J’ai beaucoup écouté The Smile récemment, et les voir en concert m’a énormément réjoui. Moi qui évolue plutôt dans des petites salles et dans des lieux underground, écouter cette musique au milieu de milliers de personnes de différentes générations, étrangement, ça m’a rassuré. Je me suis encore dit, tiens, en Belgique, ils arrivent toujours à rassembler autour de projets artistiques exigeants et ça reste la fête avec des gaufres et des bières. Pour une fois que j’aime un groupe de « pop », je ne boude pas mon plaisir. Je continue mes investigations dans le Folk Baroque (j’ai beaucoup de retard), et j’écoute pas mal John Renbourn, Gordon Giltrap, etc. J’adore les derniers duos Julian Lage/Gyan Riley composés par John Zorn.

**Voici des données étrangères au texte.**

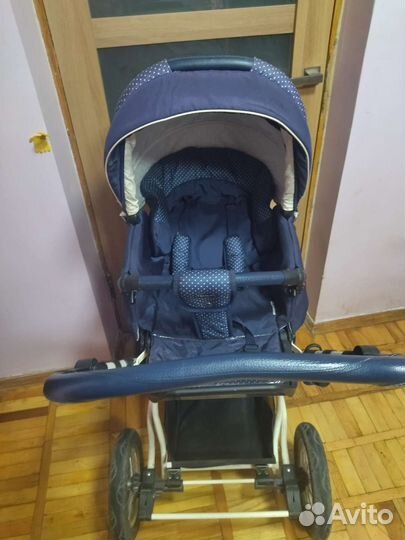 Коляска танк lonex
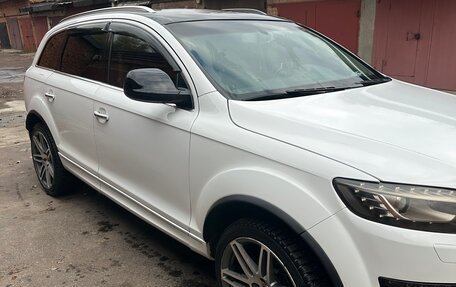 Audi Q7, 2012 год, 2 200 000 рублей, 19 фотография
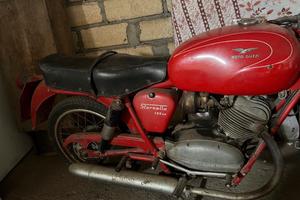 Moto Guzzi Stornello 125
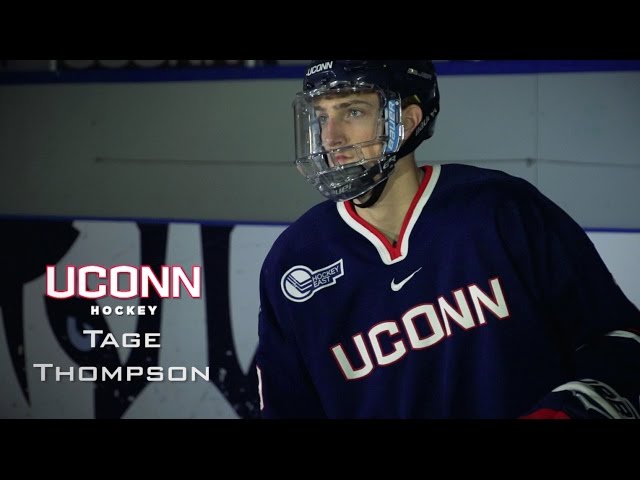 tage thompson uconn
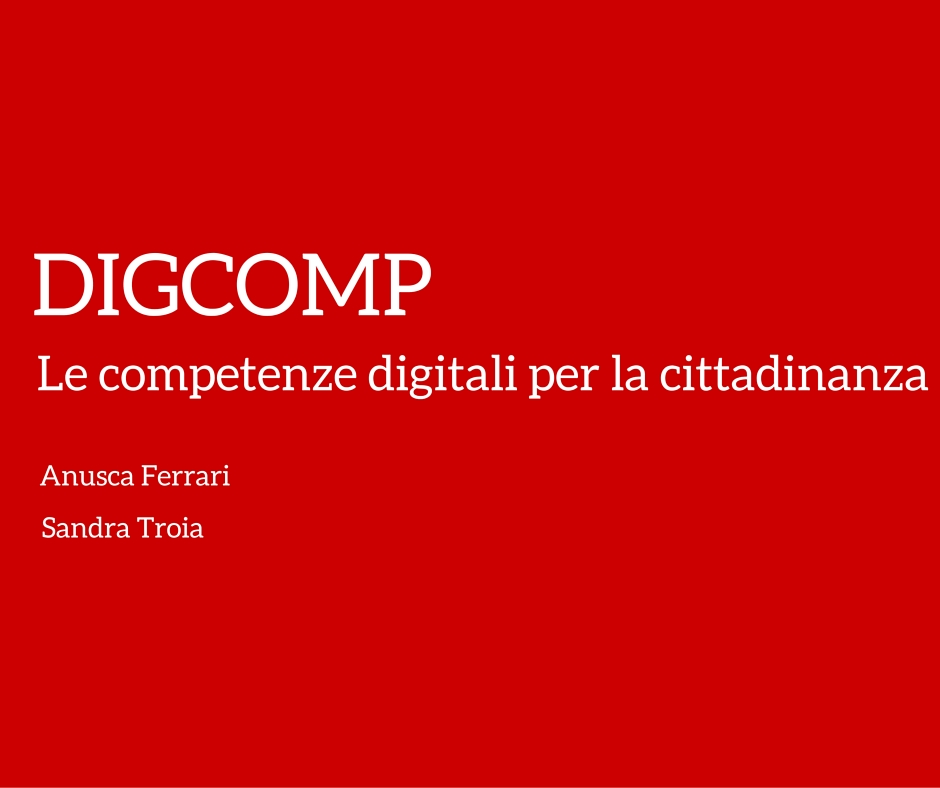 Digcomp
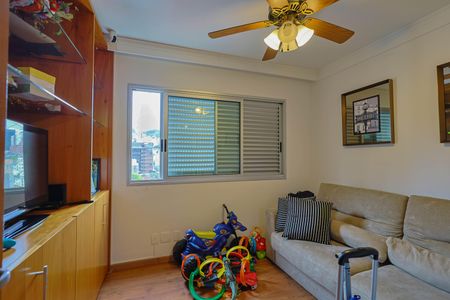 Apartamento à venda com 168m², 4 quartos e 3 vagasQuarto 1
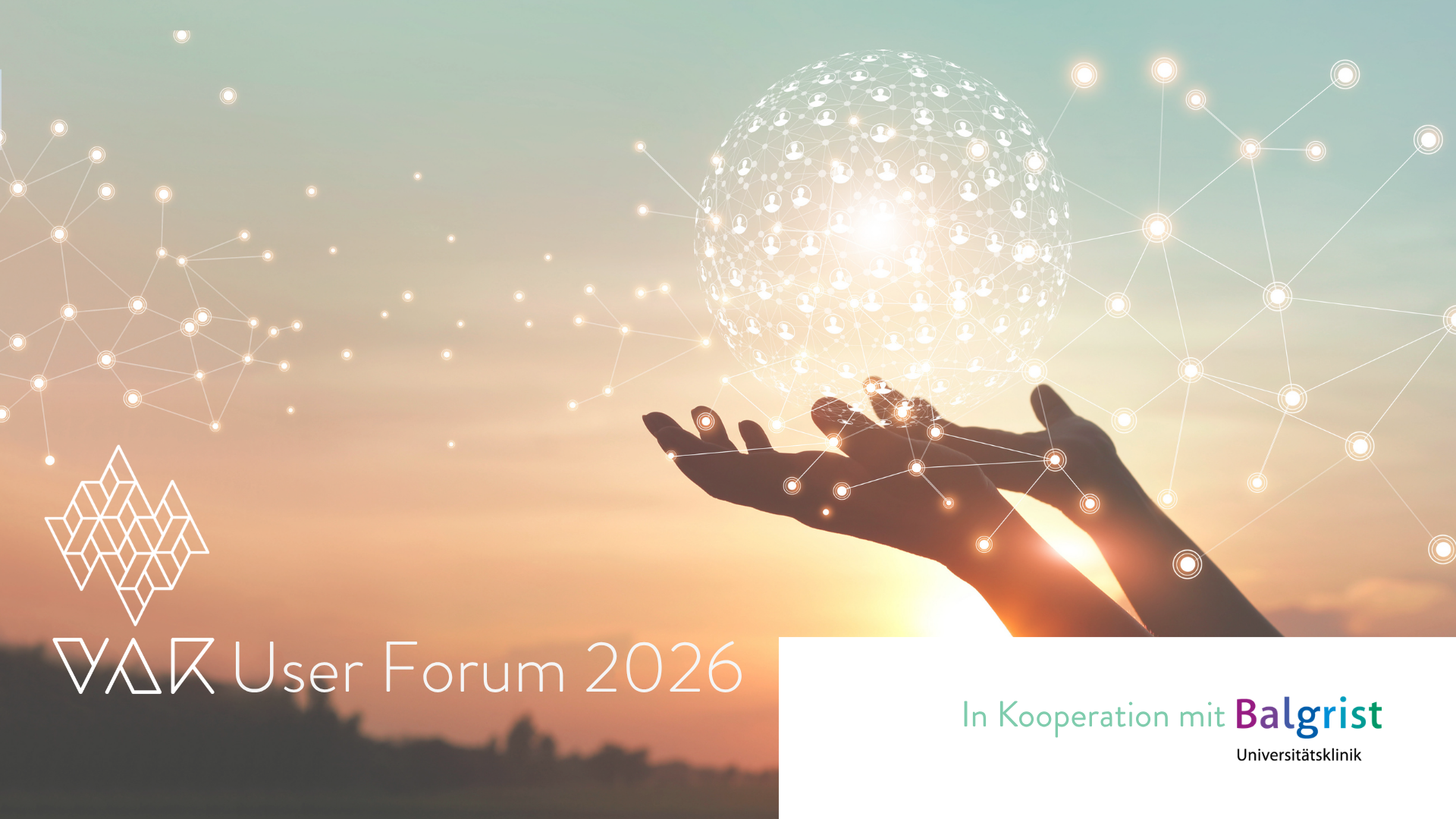 VAR User Forum 2026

Je reviens d’un voyage au Maroc qui m’a subjugué. Marcher dans l’Atlas m’a remis un peu les idées en place. Et voir ce qu’on peut faire avec une économie de moyens aussi. Les architectures, les couleurs, la musique et la nourriture… J’y ai écouté de la musique classique andalouse et du gnawa en live, priceless ! Du coup, depuis mon retour, j’écoute mon vinyle d’Hamid Zahir en boucle, il m’en faut d’autres ! Peut-être je vais faire un groupe de pop orientale pour mettre la claque à Glass Beams (que j’aime bien même s’ils n’ont pas inventé la poudre), parce que j’en ai marre qu’on m’envoie leurs vidéos en disant « tiens ça me rappelle quelque chose », hahaha. Sinon, mon fils est enthousiasmant au quotidien.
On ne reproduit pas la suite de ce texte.